» What this task involves:
Print the whole listing exactly as it appears, but skip the pictures.

» Dataset section:
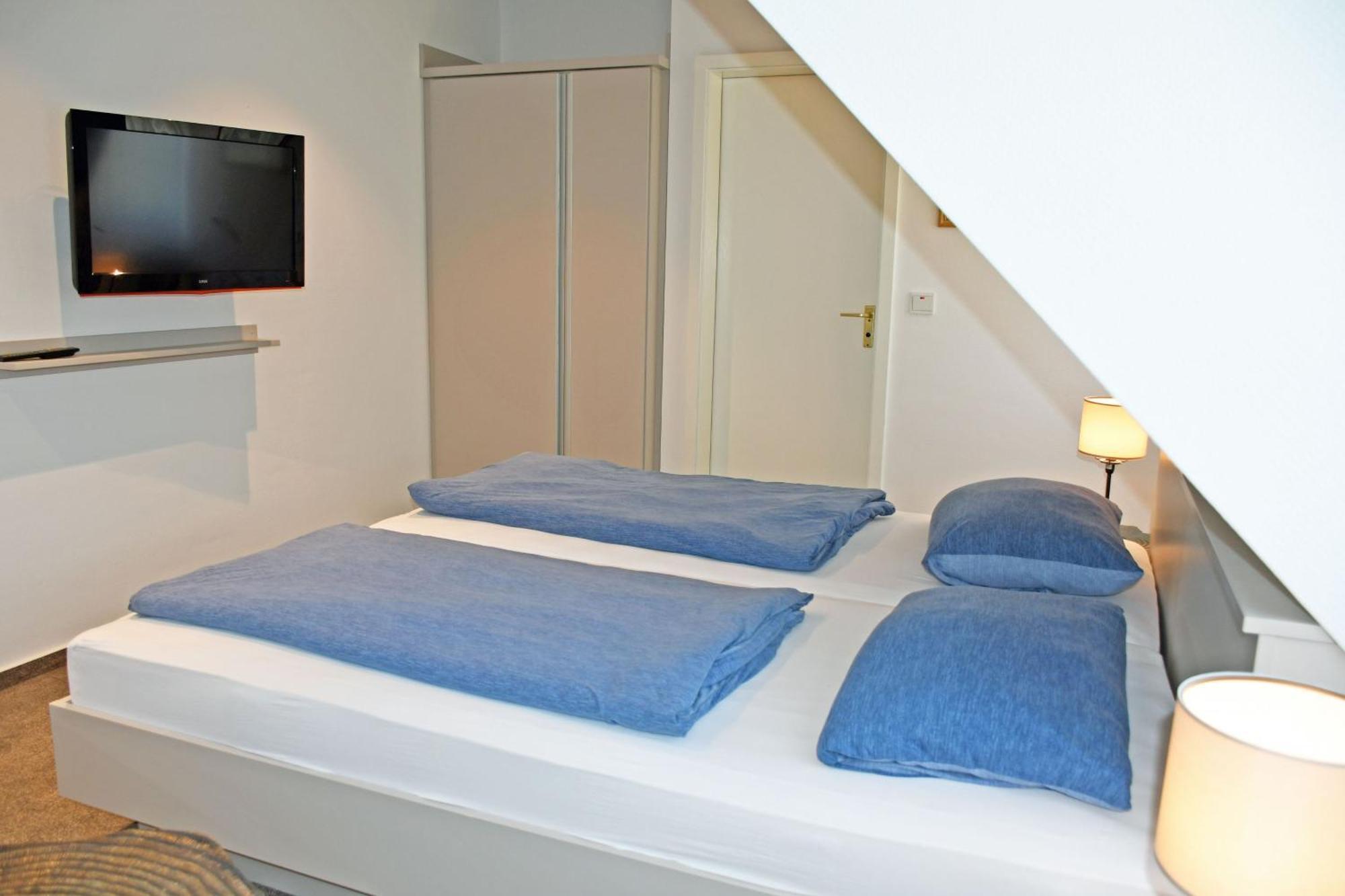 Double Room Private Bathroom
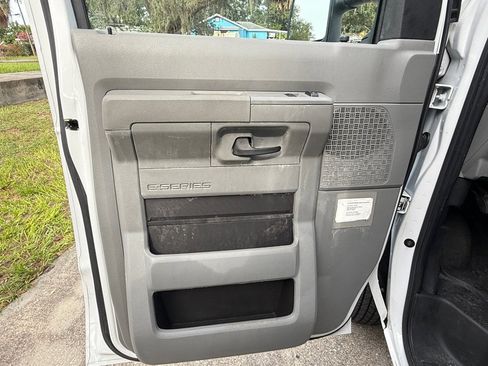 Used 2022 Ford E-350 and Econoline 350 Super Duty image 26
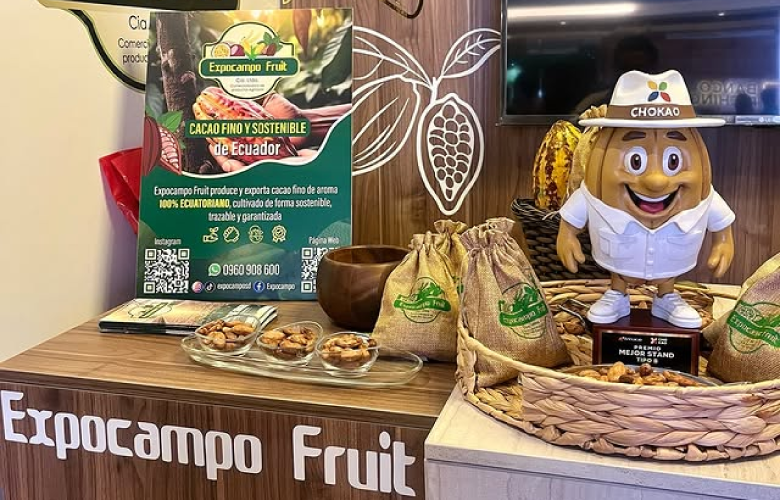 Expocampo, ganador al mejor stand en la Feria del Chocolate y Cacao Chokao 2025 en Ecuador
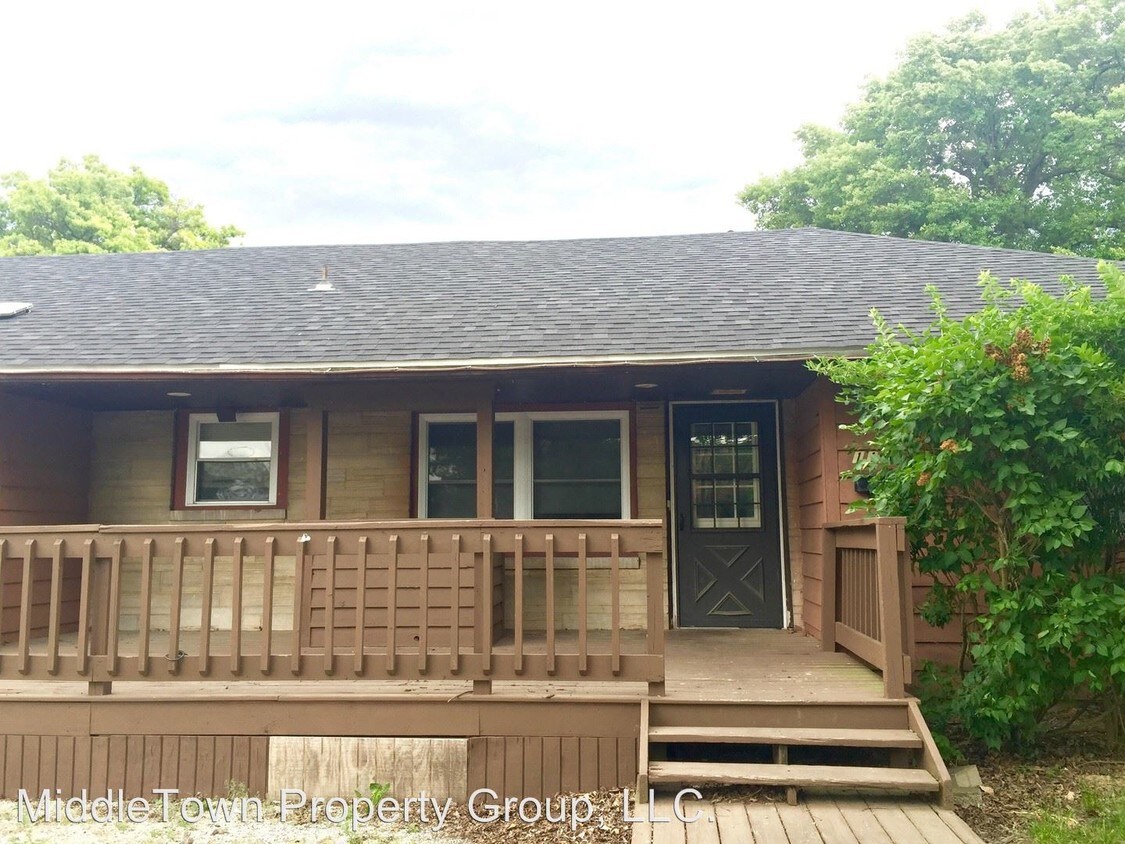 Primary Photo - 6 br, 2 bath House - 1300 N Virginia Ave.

» Output of the exercise:
 Double Room Private Bathroom
 Used 2022 Ford E-350 and Econoline 350 Super Duty image 26
 Expocampo, ganador al mejor stand en la Feria del Chocolate y Cacao Chokao 2025 en Ecuador
 Primary Photo - 6 br, 2 bath House - 1300 N Virginia Ave.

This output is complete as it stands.